Team Trinity of New Jersey is Shutting DOWN the end of April and will become Team Epic of Florida the first of JUNE! 

Letter from Ernie P http://www.teamtrinity.com/Moving letter Web.pdf


----------



## stoneman (Jul 16, 2003)

Welcolm to Florida Trinity.


----------



## rchobbygirl (Apr 24, 2009)

Oh that is wicked! Where abouts in Florida???


----------



## rcgen (Jan 20, 2004)

rchobbygirl said:


> Oh that is wicked! Where abouts in Florida???


Team Epic Inc/Trinity
290 Springview Commerce Drive Suite # 4
DeBary, Florida 32713


Looks like off I-4 closer to Daytona end.
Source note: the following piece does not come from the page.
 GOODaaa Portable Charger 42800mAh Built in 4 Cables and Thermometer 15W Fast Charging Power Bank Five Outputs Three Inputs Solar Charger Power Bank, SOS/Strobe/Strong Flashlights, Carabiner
KatF1sh have you met your new neighbor :drunk:


----------



## rchobbygirl (Apr 24, 2009)

Ohh that is a 3 hour drive for me.... but good to know!
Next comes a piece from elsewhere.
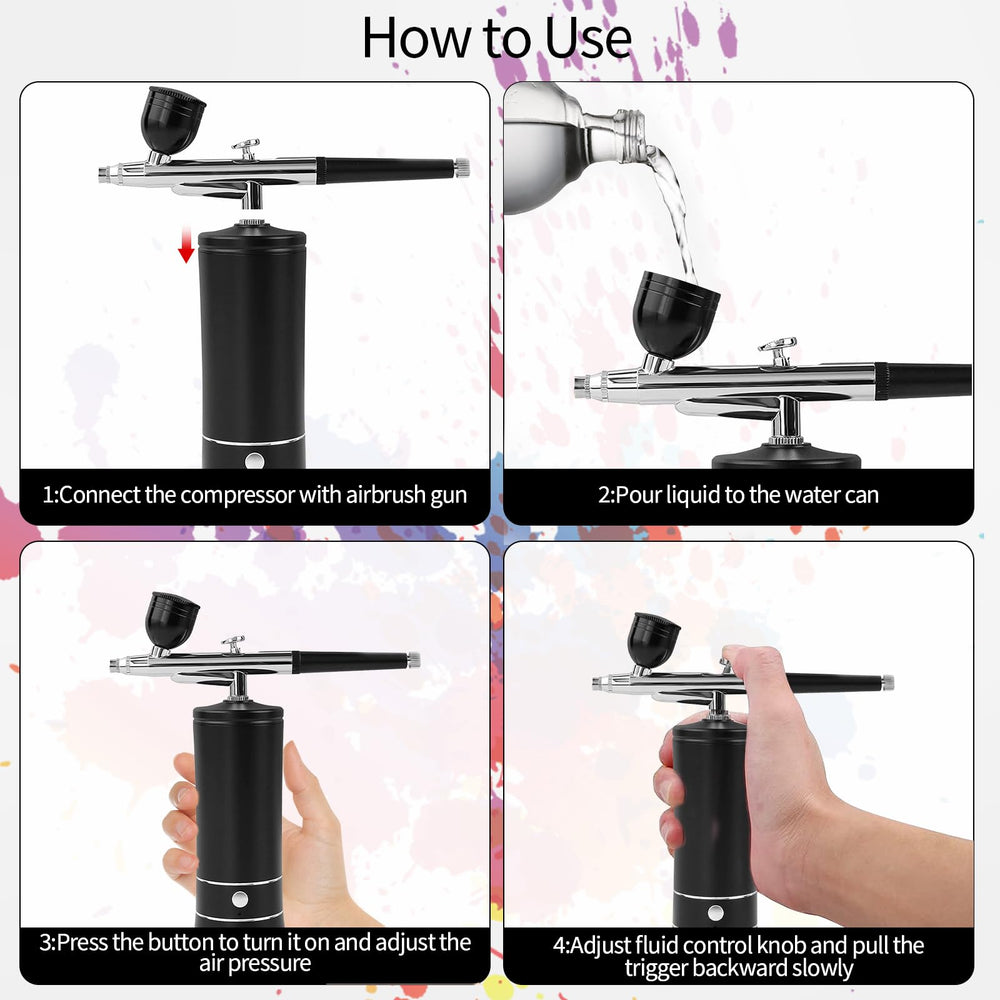 Crpen airbrush kit dual psi options 30 and 35 for varied effects.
Love seeing the sport flourish in FLORIDA though!


----------



## DOUGHBOY (May 7, 2008)

Do You Think There Will Be Any Advantages To Trinity Moving To Florida?????

More People Interested In Getting Into The Hobby??
Cheaper Prices??


----------



## cneyedog (Jan 22, 2002)

DOUGHBOY said:


> Do You Think There Will Be Any Advantages To Trinity Moving To Florida?????
> 
> More People Interested In Getting Into The Hobby??
> Cheaper Prices??


David, if Microsoft moved to florida, would windows cost any less ? ..... lol 

Ernie Provetti has lived in florida for awhile now, he sits like right next to the Orlando Magic bench.

I doubt cheaper prices ......... business is business but maybe we'll see him at some races, theres enough racing going on here in florida that im sure Trinity will support in one fashion or another.


----------



## katf1sh (Jan 17, 2002)

ernie has hired one of the best in the business and he races oval with us..things will begin to look uo for trinity and racing in general..ernie lost the hands on management and direction when he moved to florida..he now plans on making a come back in the hobby! he also promises to improve upon customer service...

trinty is also located 100 yards from my front door! poor pete is going to have a hard time getting any team stuff from now on! he he he 

if ernie does half of what he is talking about trinity will be a player in the game very soon.


----------



## Jerzferno (Aug 19, 2007)

Trinity used to be 30 minutes from me here in Jersey. No advantage what so ever.


----------



## BullFrog (Sep 24, 2002)

We knew that was coming. Now it's Welcome to the entire Trinity staff to Florida.


----------



## rchobbygirl (Apr 24, 2009)

LOL always a "warm" welcome here in Florida! LOL


----------



## ToddFalkowski (Aug 31, 2006)

cneyedog- how close is he to the bench? Maybe too close?

http://sports.yahoo.com/nba/blog/ba...an-demands-apology-from-Big-Ba?urn=nba,162606


----------



## THE DARKSIDE (Oct 7, 2001)

ToddFalkowski said:


> cneyedog- how close is he to the bench? Maybe too close?
> 
> http://sports.yahoo.com/nba/blog/ba...an-demands-apology-from-Big-Ba?urn=nba,162606


Passing on the inside......


----------



## cneyedog (Jan 22, 2002)

ToddFalkowski said:


> cneyedog- how close is he to the bench? Maybe too close?
> 
> http://sports.yahoo.com/nba/blog/ba...an-demands-apology-from-Big-Ba?urn=nba,162606


It would appear the front row is where the action is for sure ........


----------



## pmsimkins (Nov 4, 2004)

cneyedog said:


> It would appear the front row is where the action is for sure ........


It's good to know he's a tool out in the real world too.

Go Celtics! He's lucky Big baby isn't a RC Racer, it probably would have been much worse for him lol.


----------



## circuitfxr (Sep 26, 2001)

WooHoo! This is the best news I've heard in a while! They will be only an hour or two from me now. Welcome to central Florida guys! I knew moving up here last year would pay off somehow! LOL 
This hobby is kinda dry in my area (unless you're into planes and boats). Its great to see a major player coming in. Perhaps a few more tracks and clubs will emerge. I'm psyc'ed! :hat:


----------